DATA FOR ANALYSIS

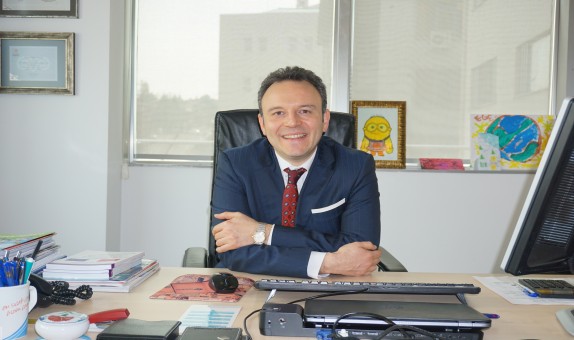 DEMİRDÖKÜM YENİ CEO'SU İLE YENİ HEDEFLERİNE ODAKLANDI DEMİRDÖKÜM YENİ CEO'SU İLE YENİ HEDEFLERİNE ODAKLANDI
==
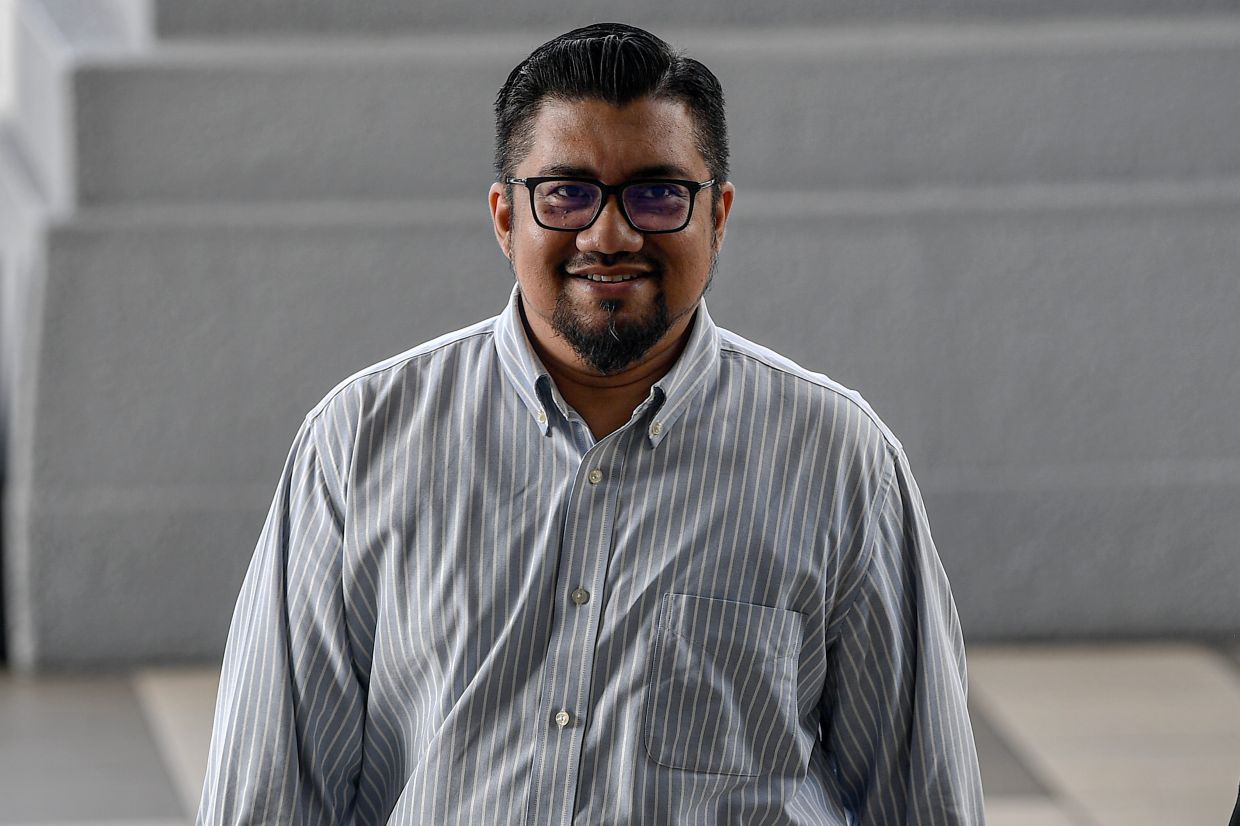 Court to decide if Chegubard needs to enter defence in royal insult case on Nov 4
* * *
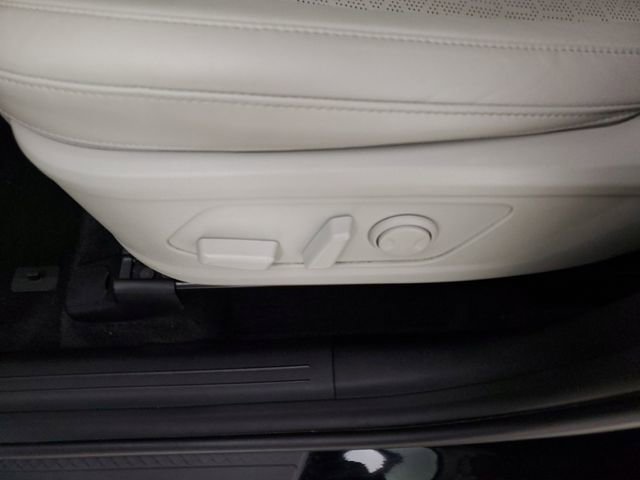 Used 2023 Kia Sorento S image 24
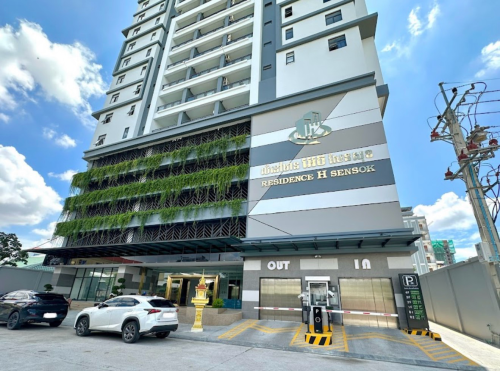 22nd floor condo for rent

YOUR GOAL
Using the data above, transcribe exactly the lines between those containing "Used 2023 Kia Sorento S image 24" and "22nd floor condo for rent", inclusive, and leave every picture behind.

RESPONSE
 Used 2023 Kia Sorento S image 24
 22nd floor condo for rent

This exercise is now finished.